解题

问题如下：

An analyst is examining a portfolio that consists of 2,500 subprime mortgages and 800 prime mortgages. Of the subprime mortgages, 500 are late on their payments. Of the prime mortgages, 64 are late on their payments. If the analyst randomly selects a mortgage from the portfolio and it is currently late on its payments, what is the probability that it is a subprime mortgage?

选项：

A.

60%

B.

67%

C.

75%

D.

89%

解释：

中文解析：

求条件概率：

P(Mortgage is late) = (500+64)/(2500+800) = 17.1%

P(Subprime mortgage and late) = 500/3300 = 15.2%

P(Subprime mortgage | Mortgage is late) = P(Subprime mortgage and late)/P(Mortgage is late) = 15.2% / 17.1% = 0.89 = 89%

In order to solve this conditional probability question, first calculate the probability that any one mortgage in the portfolio is late.

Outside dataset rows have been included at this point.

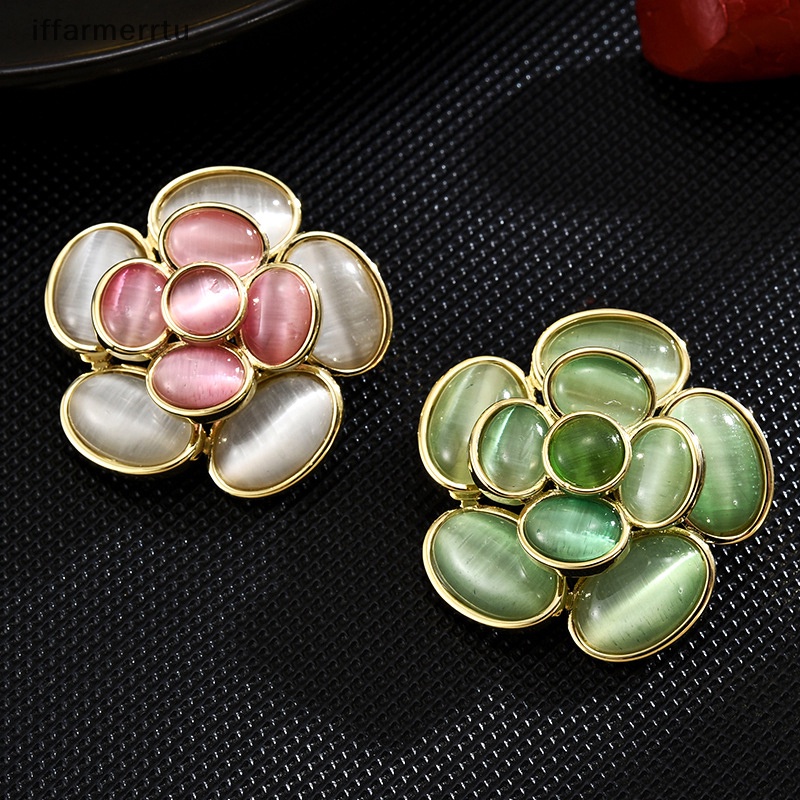 Ghim Cài Áo Hình Hoa Trà Đính Đá opal Thời Trang Cho Nữ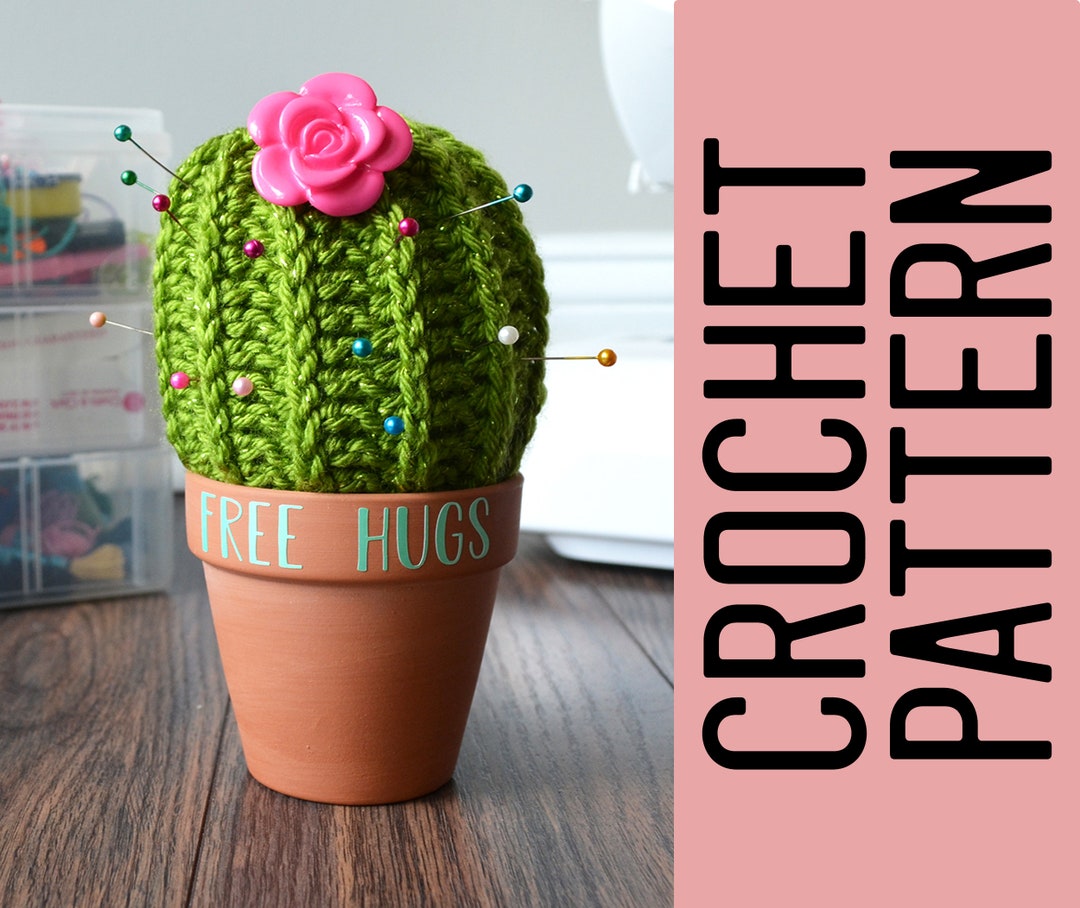 CROCHET PATTERN Cactus Pincushion, Potted Flower Cactus Etsy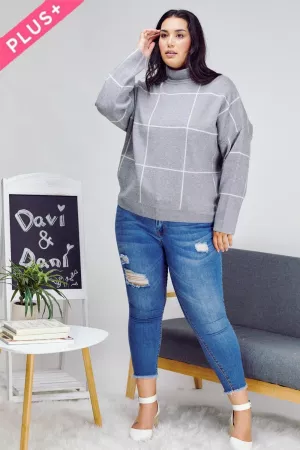 wholesale clothing grid pattern accent mock neck sweater davi & dani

This is: P(Mortgage is late) = (500+64)/(2500+800) = 17.1%.

Next, use the conditional probability relationship as follows:P(Subprime mortgage | Mortgage is late) = P(Subprime mortgage and late)/P(Mortgage is late).

Since P(Subprime mortgage and late) = 500/3300 = 15.2%, then

P(Subprime mortgage | Mortgage is late) = 15.2% / 17.1% = 0.89 = 89%.

Hence the probability that a random late mortgage selected from this portfolio turns out to be subprime is 89%.